There is a chap in Cornwall who makes full wood boards, James Otter. He has a good trade in helping people make their own wood boards too. A few people have said that the boards are heavy to carry but feel surprisingly sprightly to surf, although I think the construction favours certain designs - logs, gliders etc. rather than shorter boards.
 

JMJackFish

Well-Known Member
Jul 5, 2016
1,054
1,698
USA North Carolina
I really like the feel of my 6'6 Nine Lights cork twinzer rocket fish. That board is much different than my 6'10 Hess Moraga. The Hess does get a little chattery on any chop, but has glide and speed to spare. The Nine Lights is next level and has been a gem in the water. The Hess gets dusty, the Nine Lights is in heavy rotation.
 

bfat

Active Member
Dec 20, 2018
272
237
Brooklyn/Maine
I really like the feel of my 6'6 Nine Lights cork twinzer rocket fish. That board is much different than my 6'10 Hess Moraga. The Hess does get a little chattery on any chop, but has glide and speed to spare. The Nine Lights is next level and has been a gem in the water. The Hess gets dusty, the Nine Lights is in heavy rotation.
Pic of that cork build, please and thank you
 

SeabassMan

Active Member
Aug 8, 2019
71
155
Bodega Bay
I had a 6-2 twin fish called a "Pacheco" model. It had a lot of rocker compared to a SoCal fish. It was VERY hi-pro. It went insane when I caught waves but I hated the way it paddled. It was too small and rockered for a guy that rides a lot of longer boards. I had admired his mid-lengths on the internet.
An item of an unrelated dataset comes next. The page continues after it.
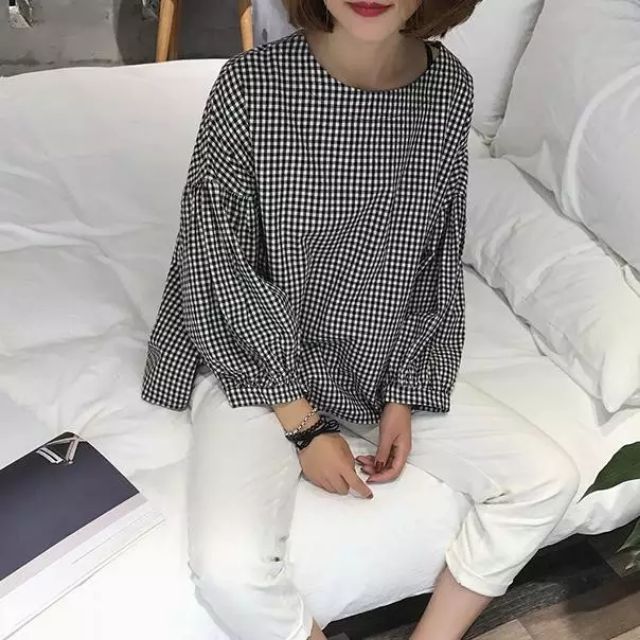 Áo kẻ babydoll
A glider could be pretty insane if you could get some roundness and belly to make up for the lack of flex. Help smooth the lumps.
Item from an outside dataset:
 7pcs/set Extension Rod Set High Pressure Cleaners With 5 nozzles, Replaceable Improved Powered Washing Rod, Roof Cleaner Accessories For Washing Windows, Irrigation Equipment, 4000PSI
I will warn you that I got hit on the side of my head by the rail of my board on a DOH wave. It was the wood and cork version. I thought I was going to die. I thought that I was bleeding from my ears. I still have a moderate cauliflower ear from the experience. No joke, if you get a glider, you should really consider a helmet and see if Danny can round out the points in the nose and tail a bit. His boards are FAST too!